#### [DATA PROVIDED]
══════

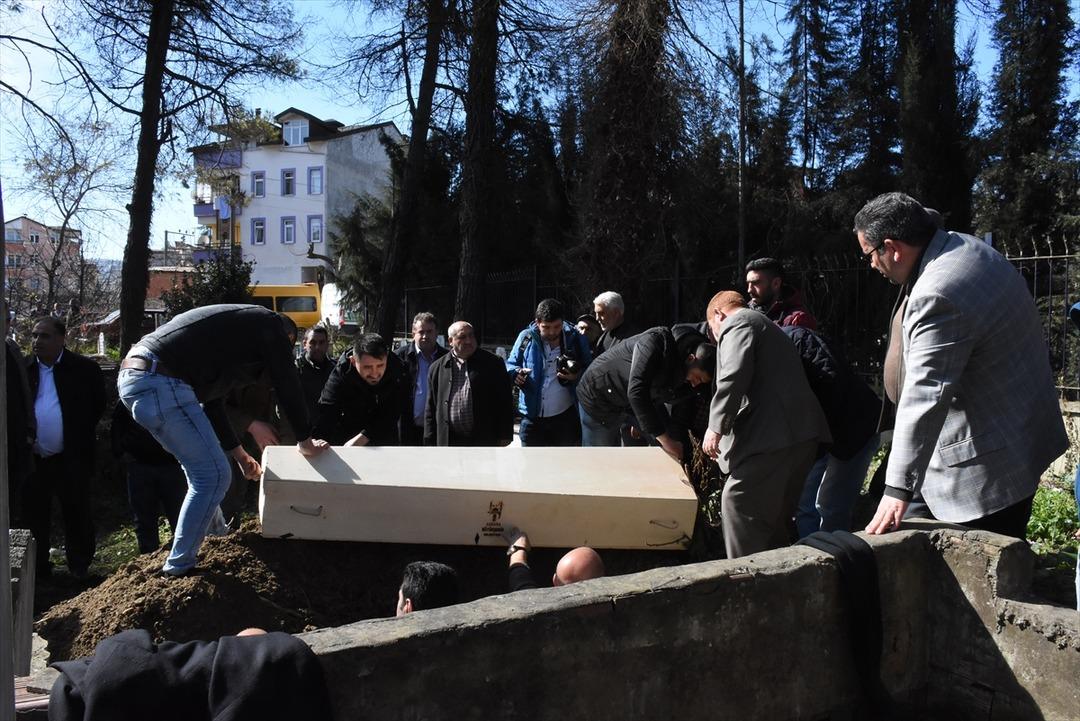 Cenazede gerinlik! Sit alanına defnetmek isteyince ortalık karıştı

══════

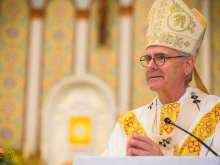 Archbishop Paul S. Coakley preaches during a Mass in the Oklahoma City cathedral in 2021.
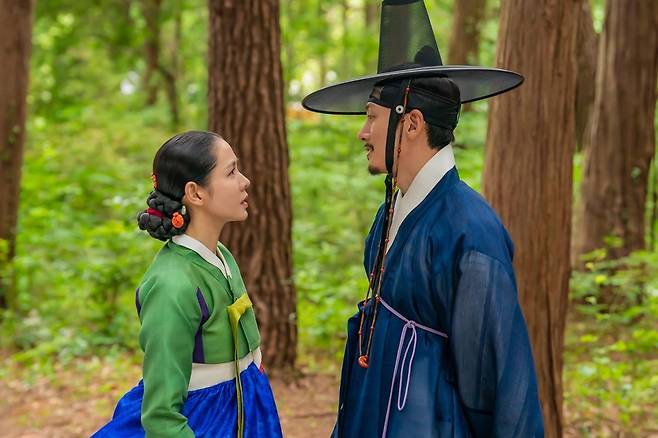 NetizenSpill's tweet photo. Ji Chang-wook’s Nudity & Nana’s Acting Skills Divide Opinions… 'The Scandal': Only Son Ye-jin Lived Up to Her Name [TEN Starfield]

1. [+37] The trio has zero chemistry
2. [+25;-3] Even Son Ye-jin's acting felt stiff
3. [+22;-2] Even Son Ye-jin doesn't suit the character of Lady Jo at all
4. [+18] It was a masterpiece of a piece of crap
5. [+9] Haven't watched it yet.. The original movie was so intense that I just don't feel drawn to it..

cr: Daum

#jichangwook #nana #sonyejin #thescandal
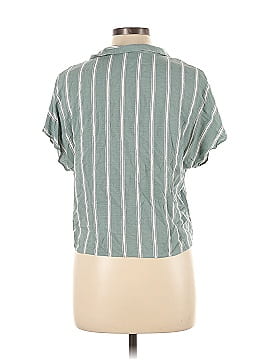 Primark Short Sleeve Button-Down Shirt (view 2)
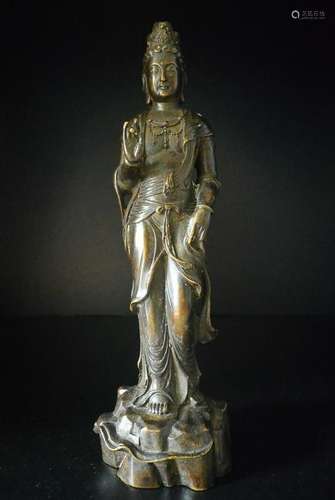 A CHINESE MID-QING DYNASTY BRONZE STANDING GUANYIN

══════

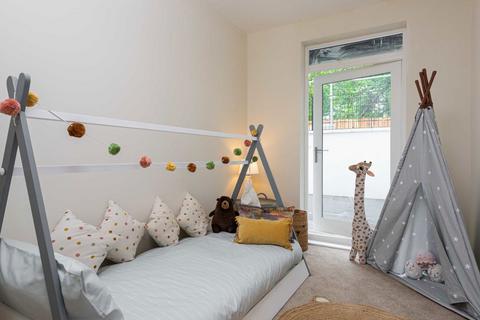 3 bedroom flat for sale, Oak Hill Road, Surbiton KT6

══════

#### [TASK TO COMPLETE]
Look through the material above. Transcribe exactly the lines between the ones with "#jichangwook #nana #sonyejin #thescandal" and "A CHINESE MID-QING", inclusive, and keep pictures out.

#### [ANSWER BOX]
#jichangwook #nana #sonyejin #thescandal
 Primark Short Sleeve Button-Down Shirt (view 2)
 A CHINESE MID-QING DYNASTY BRONZE STANDING GUANYIN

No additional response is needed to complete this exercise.